Guru Besar Filsafat Pendidikan Islam UIN Suska Riau
SECARA umum, setiap manusia menyadari bahwa dirinya merupakan ciptaan dan berada di bawah kekuasaan Tuhan. Namun, tanpa disadari terkadang manusia menempatkan dirinya melapaui “Tuhan”. Tatkala Tuhan dengan Rahman dan Rahim-Nya melampaui murka-Nya yang diwujudkan dengan pengampunan terhadap hamba. Apatahlagi tatkala hamba memohon pengampunan dengan ketulusan dan penyesalan yang mendalam. Untuk itu, Tuhan telah mengajarkan kepada manusia untuk sadar atas ketidakmampuan dan sifat ketergantungannya.
Apa yang ditunjukkan Tuhan kepada hamba-Nya yang sombong dan mengambil hak Tuhan, sesungguhnya dapat terlihat pada pengusiran iblis dari surga-Nya disebabkan keengganan iblis mengakui kelebihan Nabi Adam. Kesombongan iblis dipicu oleh keangkuhan atas asal kejadiannya, ketaatan ibadahnya, senioritas penciptaan atas dirinya.

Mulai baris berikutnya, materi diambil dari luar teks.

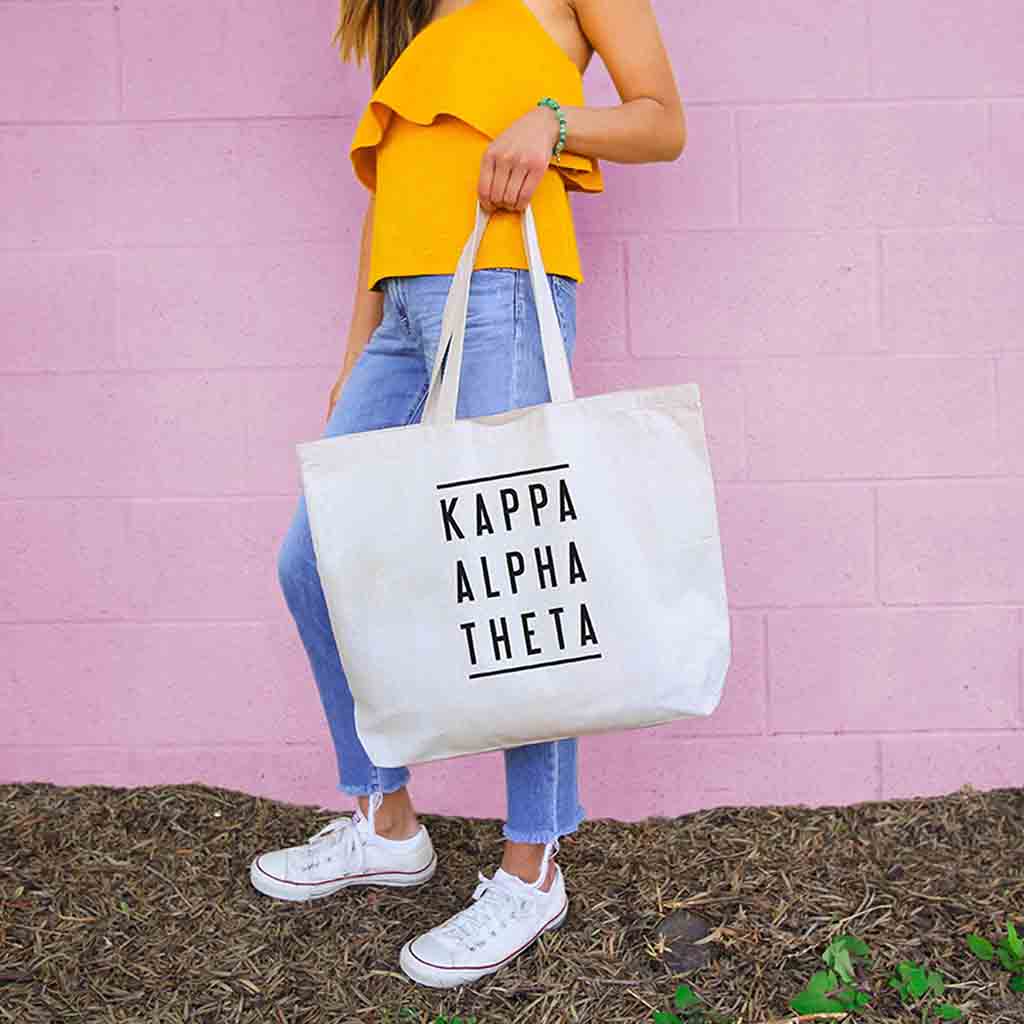 Theta Sorority Tote Bag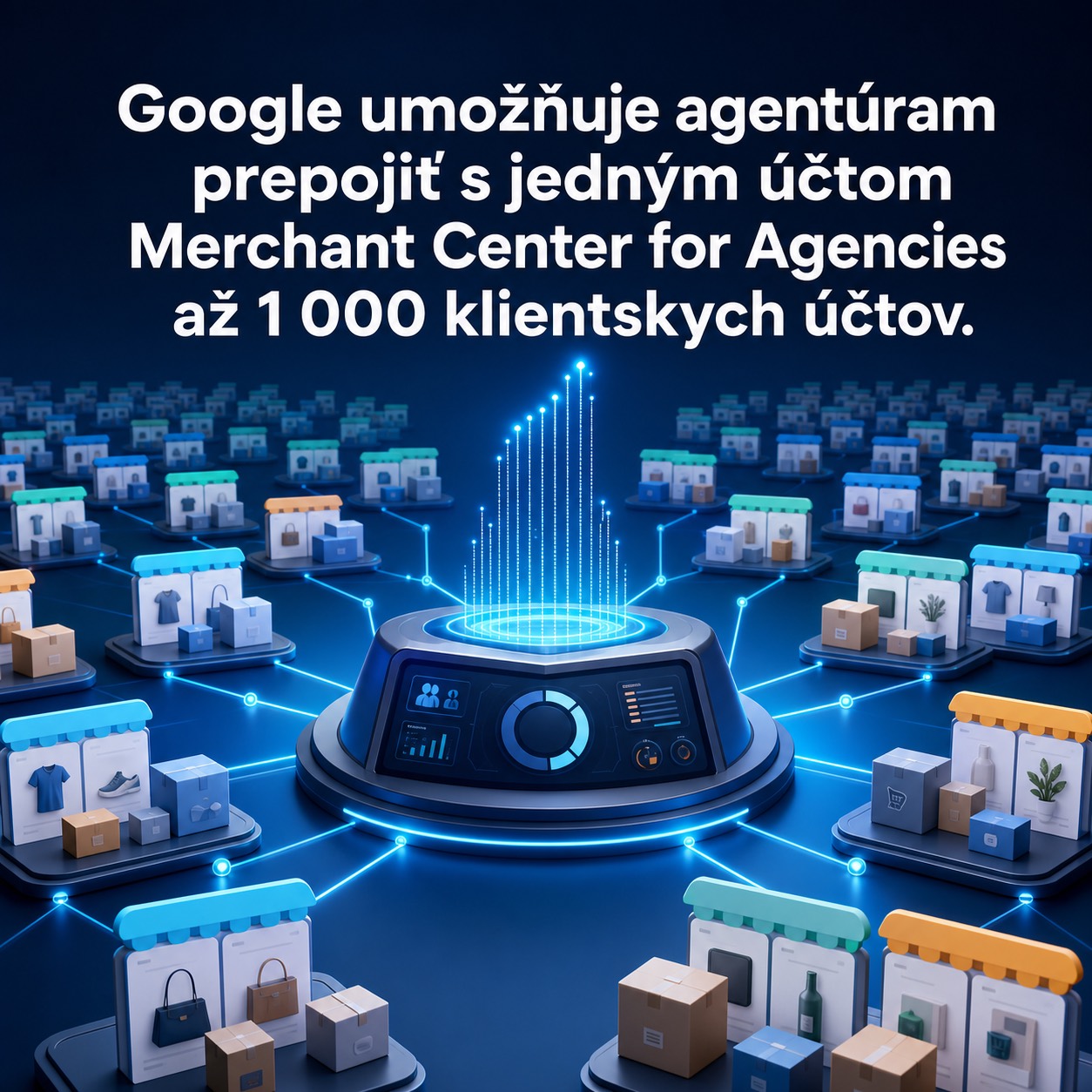 Merchant Center for Agencies zvládne až 1 000 klientskych účtov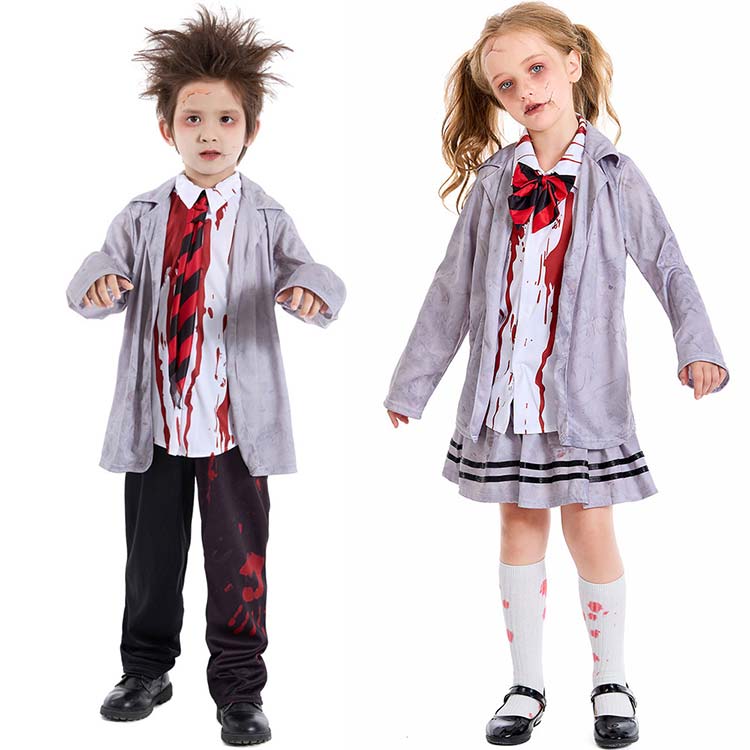 ハロウィン 全身 衣装 ゾンビ学生 ヴァンパイア 吸血鬼に変身 男の子 女の子 コスチューム 仮装 ハロウィン衣装 ハロウィン 衣装 ハロウィーン用品 子供用 万聖節 キッズ Hallowe
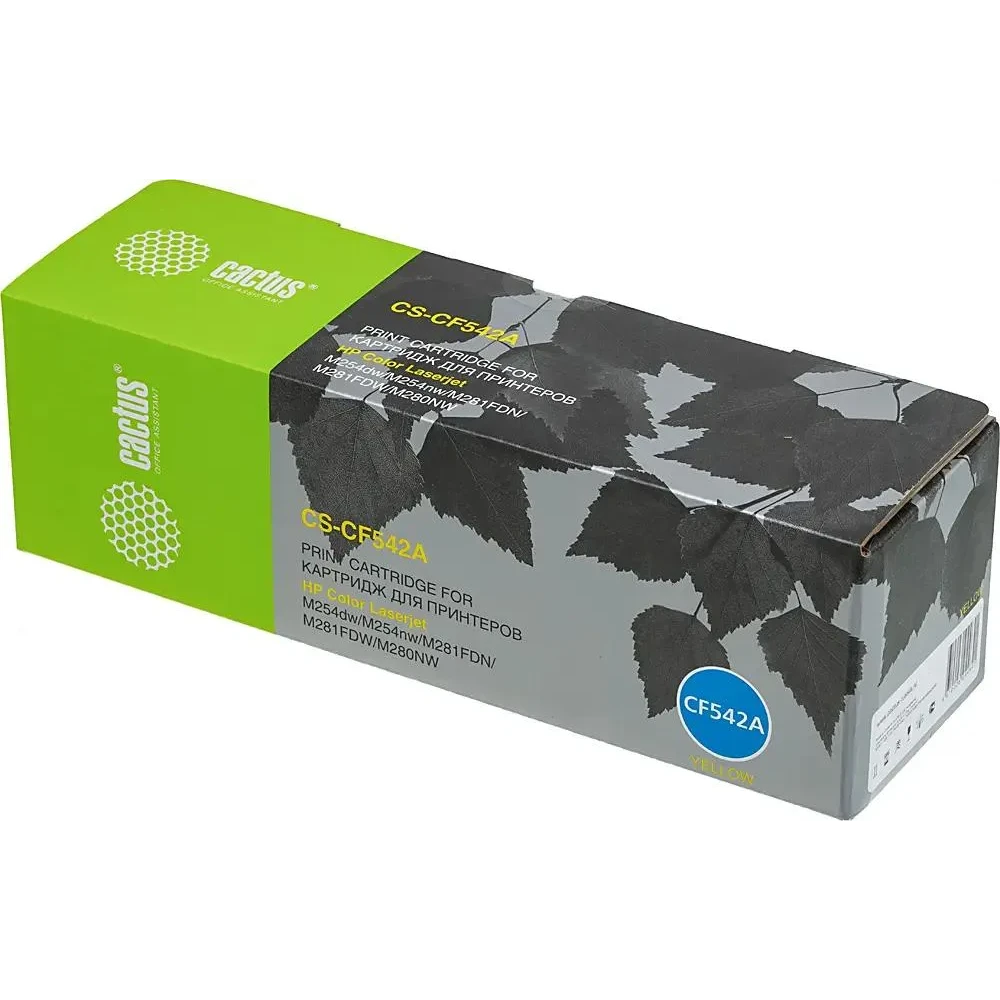 Картридж Cactus CS-CF542A Yellow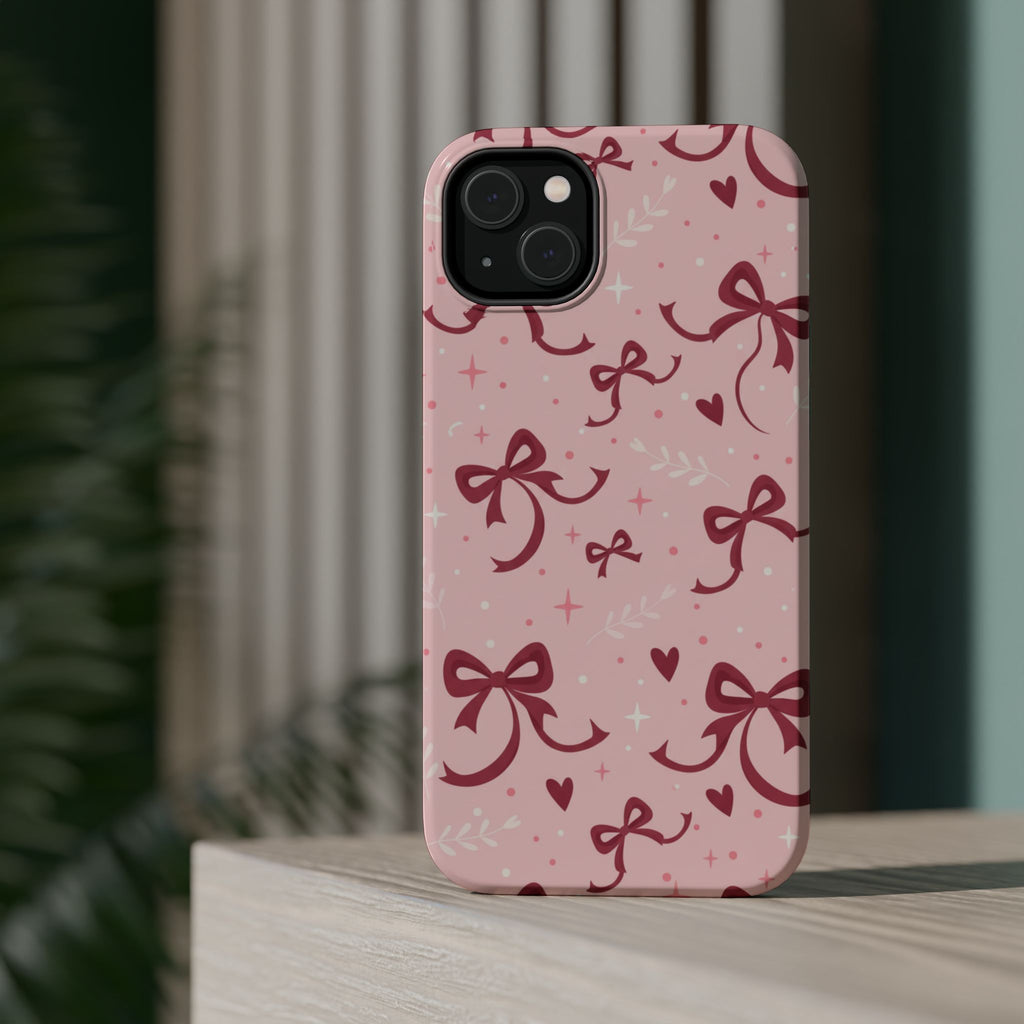 Coquette Bow Print | Tough MagSafe Case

Dan ketinggian derajatnya. Akibatnya, iblis diusir dari surga-Nya. Pengusiran tersebut disebabkan iblis mengambil sifat Tuhan dengan kesombongan atas status yang dimilikinya. Akibat dari pengusiran tersebut, iblis memproklamirkan permusuhan, menanam dendam, dan menyemai kebencian mendalam terhadap Nabi Adam. Dendam dan kebencian pada Nabi Adam dan anak cucunya berlangsung sejak iblis diusir sampai hari kiamat.
Dalam konteks di atas, iblis tidak pernah introspeksi atas dirinya dan melihat keunggulan orang lain yang mungkin tak pernah dimilikinya. Secara tidak bijak justru iblis menjadikan Nabi Adam sebagai musuh, bukan merangkul Nabi Adam sebagai kekuatan yang saling melengkapi. Dalam hal ini, iblis menyelesaikan persoalan dengan dendam kesumat. Apakah setiap kebenaran yang muncul harus disikapi dengan kebencian. Sebagaimana kebenaran firman Allah yang disikapi oleh iblis dengan pengingkaran dan kebencian yang mendalam.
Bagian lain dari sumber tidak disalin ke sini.